Could you please flag in the diff where the actual new additions are?

It's hard to review such changes when things are moved around - I'm sure I missed that, but I only see the same code that was just moved elsewhere.

Thank you!

(p.s. also please tag some of us on the PRs I personally don't have notifications for all PRs so check only occasionally unless someone tags me explicitly)

stas00 avatar Jan 18 '22 20:01 stas00

Tbh there's not much that I got done in this PR :/

Most of the checks were already implemented in parse_args. I even checked this and found that many of their checks are implemented in arguments file.
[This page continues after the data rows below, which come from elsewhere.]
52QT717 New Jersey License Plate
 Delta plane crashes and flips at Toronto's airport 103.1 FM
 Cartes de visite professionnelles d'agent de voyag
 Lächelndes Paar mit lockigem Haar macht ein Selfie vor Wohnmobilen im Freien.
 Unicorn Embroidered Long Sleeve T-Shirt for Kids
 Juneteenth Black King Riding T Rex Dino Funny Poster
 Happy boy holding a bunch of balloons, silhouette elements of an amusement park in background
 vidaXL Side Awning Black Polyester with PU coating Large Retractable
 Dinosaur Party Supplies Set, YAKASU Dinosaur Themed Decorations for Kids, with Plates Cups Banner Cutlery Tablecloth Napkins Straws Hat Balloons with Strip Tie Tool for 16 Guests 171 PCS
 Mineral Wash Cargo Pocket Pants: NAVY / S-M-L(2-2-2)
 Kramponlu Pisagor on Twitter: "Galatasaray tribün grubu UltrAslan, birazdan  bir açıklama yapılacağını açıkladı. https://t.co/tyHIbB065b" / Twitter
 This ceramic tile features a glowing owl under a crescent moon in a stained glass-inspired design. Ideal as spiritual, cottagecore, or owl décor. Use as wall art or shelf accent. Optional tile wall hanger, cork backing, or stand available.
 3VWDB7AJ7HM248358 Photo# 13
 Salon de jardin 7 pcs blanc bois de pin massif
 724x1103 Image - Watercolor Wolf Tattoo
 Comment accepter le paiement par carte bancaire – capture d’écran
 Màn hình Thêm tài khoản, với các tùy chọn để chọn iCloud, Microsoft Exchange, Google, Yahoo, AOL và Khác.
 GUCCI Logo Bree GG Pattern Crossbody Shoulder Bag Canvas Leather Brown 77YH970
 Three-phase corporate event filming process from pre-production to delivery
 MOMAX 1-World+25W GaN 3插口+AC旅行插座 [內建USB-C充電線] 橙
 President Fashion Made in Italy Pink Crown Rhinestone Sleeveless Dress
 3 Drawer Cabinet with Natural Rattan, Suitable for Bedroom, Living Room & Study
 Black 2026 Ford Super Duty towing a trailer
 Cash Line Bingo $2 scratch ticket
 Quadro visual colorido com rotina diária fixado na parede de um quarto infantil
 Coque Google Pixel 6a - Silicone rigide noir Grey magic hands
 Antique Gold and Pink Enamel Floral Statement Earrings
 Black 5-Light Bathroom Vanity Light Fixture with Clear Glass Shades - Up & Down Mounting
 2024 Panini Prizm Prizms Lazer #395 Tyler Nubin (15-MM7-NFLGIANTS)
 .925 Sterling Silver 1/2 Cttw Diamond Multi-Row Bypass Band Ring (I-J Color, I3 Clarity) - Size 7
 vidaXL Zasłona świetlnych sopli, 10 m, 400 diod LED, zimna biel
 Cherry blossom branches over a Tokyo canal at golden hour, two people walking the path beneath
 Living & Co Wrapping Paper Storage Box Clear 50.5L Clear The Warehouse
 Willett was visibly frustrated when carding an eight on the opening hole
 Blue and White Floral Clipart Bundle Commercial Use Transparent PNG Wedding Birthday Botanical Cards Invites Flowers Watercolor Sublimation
I think we should move all assert statements into _validate_args and those assigning value to arguments in parse_args can stay there only

bhavitvyamalik avatar Jan 19 '22 19:01 bhavitvyamalik

I think the main issue wasn't so much that megatron didn't have the checks. It's that we wanted to get the constraints right before launching megatron. This is due to SLURM environment that is unforgiving for when you make a mistake and the program doesn't start - off you go to the end of the queue. So the point of this doc https://github.com/bigscience-workshop/bigscience/blob/master/train/sanity-checks.md was to prevent this situation. And you confirmed that most of these have already been covered. So nothing to add there.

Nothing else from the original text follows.